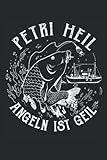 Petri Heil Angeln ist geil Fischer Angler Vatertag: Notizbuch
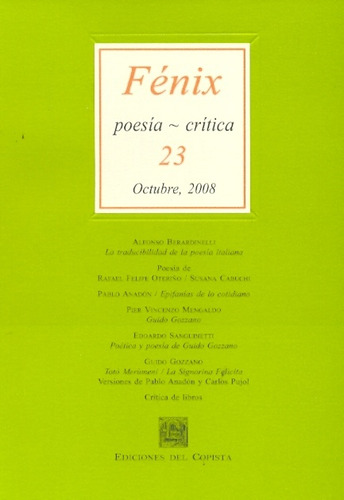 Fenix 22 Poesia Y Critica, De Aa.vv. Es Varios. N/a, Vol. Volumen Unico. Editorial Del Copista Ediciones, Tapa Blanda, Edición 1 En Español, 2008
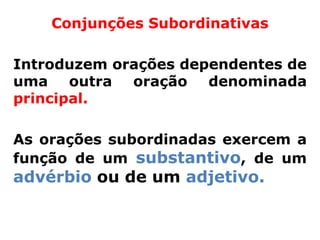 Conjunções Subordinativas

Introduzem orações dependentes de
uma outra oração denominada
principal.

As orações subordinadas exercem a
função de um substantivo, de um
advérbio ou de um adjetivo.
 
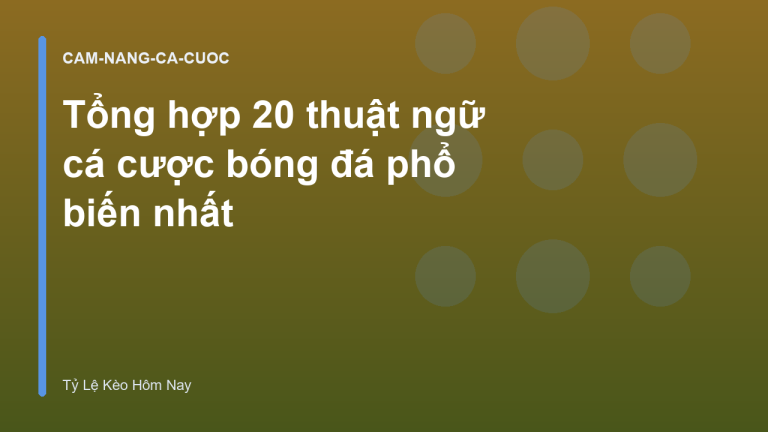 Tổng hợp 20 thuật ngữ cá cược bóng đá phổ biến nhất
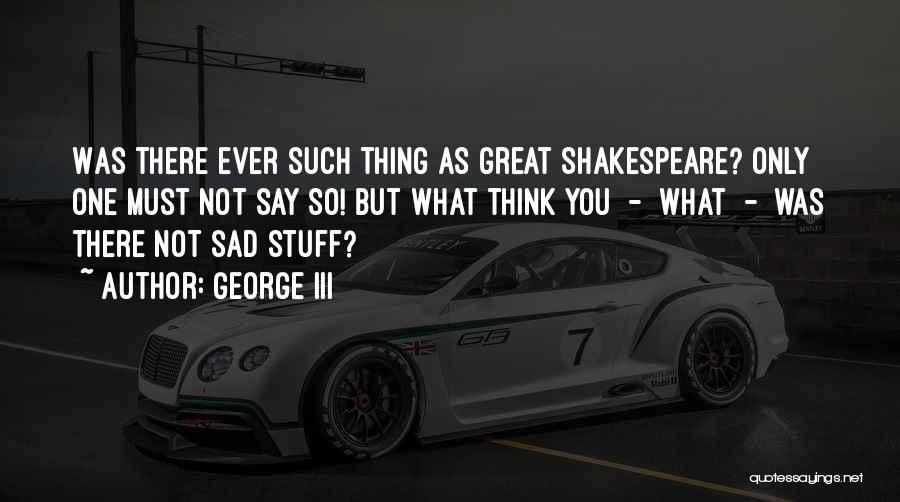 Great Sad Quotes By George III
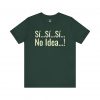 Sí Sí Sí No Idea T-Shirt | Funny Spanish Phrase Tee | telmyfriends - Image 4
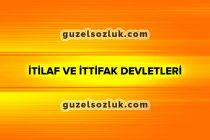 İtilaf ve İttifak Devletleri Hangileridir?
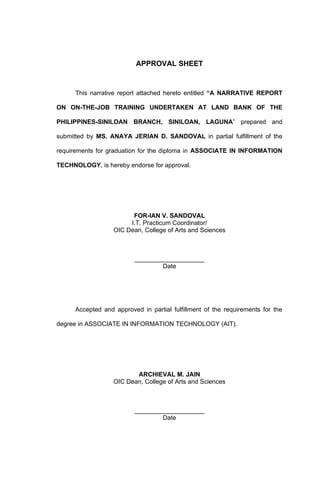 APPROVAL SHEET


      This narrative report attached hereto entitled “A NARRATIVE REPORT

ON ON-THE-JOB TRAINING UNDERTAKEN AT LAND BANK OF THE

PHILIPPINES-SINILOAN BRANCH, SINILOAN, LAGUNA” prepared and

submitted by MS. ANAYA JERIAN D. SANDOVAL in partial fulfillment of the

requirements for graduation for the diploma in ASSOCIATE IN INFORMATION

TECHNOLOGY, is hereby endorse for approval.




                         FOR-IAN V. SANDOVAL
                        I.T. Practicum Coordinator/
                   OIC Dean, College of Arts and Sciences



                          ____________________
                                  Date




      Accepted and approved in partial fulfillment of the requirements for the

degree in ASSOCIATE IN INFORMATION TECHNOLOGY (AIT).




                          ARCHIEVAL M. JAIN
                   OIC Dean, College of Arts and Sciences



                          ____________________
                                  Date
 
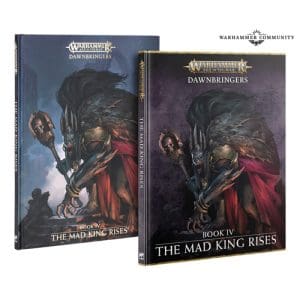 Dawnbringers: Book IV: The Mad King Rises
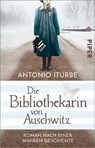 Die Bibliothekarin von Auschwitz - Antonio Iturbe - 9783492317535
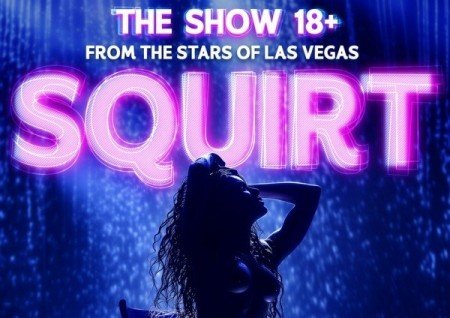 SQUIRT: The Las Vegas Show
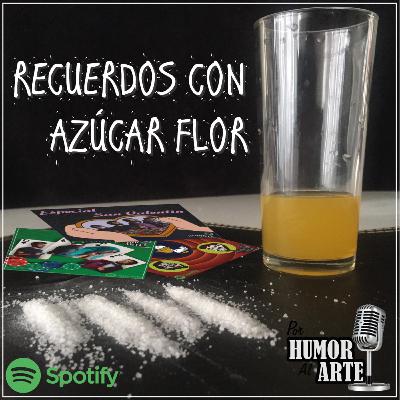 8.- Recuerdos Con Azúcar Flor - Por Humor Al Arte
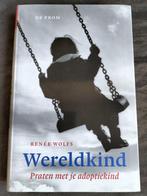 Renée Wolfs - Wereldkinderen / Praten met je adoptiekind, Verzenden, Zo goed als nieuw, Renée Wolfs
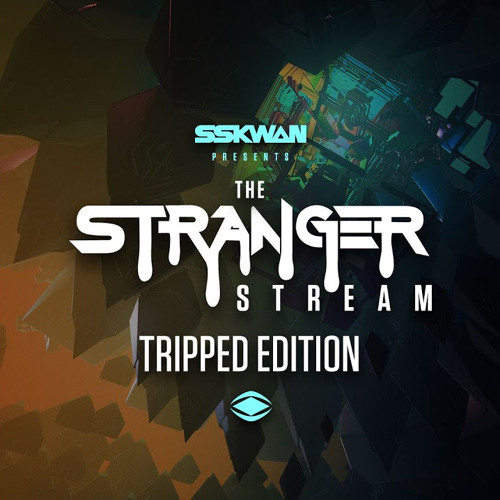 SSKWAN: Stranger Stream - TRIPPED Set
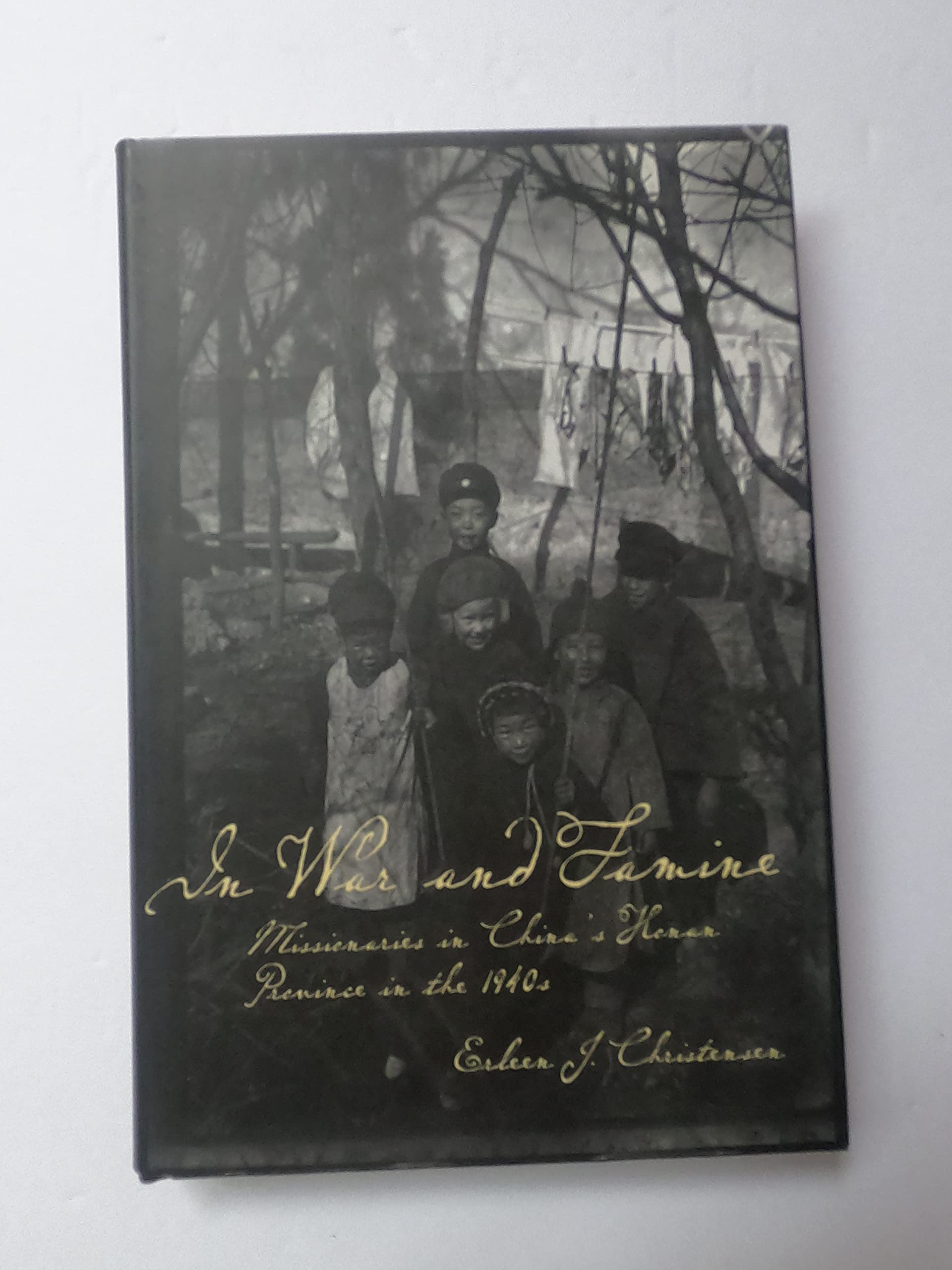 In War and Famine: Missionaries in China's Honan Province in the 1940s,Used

| EXERCISE |
Go to the line above holding "Introduzem orações dependentes de", then copy exactly each line down to and including the one holding "8.- Recuerdos Con", leaving pictures out.

| EXERCISE SOLUTION |
Introduzem orações dependentes de
uma outra oração denominada
principal.

As orações subordinadas exercem a
função de um substantivo, de um
advérbio ou de um adjetivo.
 
 Tổng hợp 20 thuật ngữ cá cược bóng đá phổ biến nhất
 Great Sad Quotes By George III
 Sí Sí Sí No Idea T-Shirt | Funny Spanish Phrase Tee | telmyfriends - Image 4
 İtilaf ve İttifak Devletleri Hangileridir?
 APPROVAL SHEET


      This narrative report attached hereto entitled “A NARRATIVE REPORT

ON ON-THE-JOB TRAINING UNDERTAKEN AT LAND BANK OF THE

PHILIPPINES-SINILOAN BRANCH, SINILOAN, LAGUNA” prepared and

submitted by MS. ANAYA JERIAN D. SANDOVAL in partial fulfillment of the

requirements for graduation for the diploma in ASSOCIATE IN INFORMATION

TECHNOLOGY, is hereby endorse for approval.




                         FOR-IAN V. SANDOVAL
                        I.T. Practicum Coordinator/
                   OIC Dean, College of Arts and Sciences



                          ____________________
                                  Date




      Accepted and approved in partial fulfillment of the requirements for the

degree in ASSOCIATE IN INFORMATION TECHNOLOGY (AIT).




                          ARCHIEVAL M. JAIN
                   OIC Dean, College of Arts and Sciences



                          ____________________
                                  Date
 
 Dawnbringers: Book IV: The Mad King Rises
 Die Bibliothekarin von Auschwitz - Antonio Iturbe - 9783492317535
 SQUIRT: The Las Vegas Show
 8.- Recuerdos Con Azúcar Flor - Por Humor Al Arte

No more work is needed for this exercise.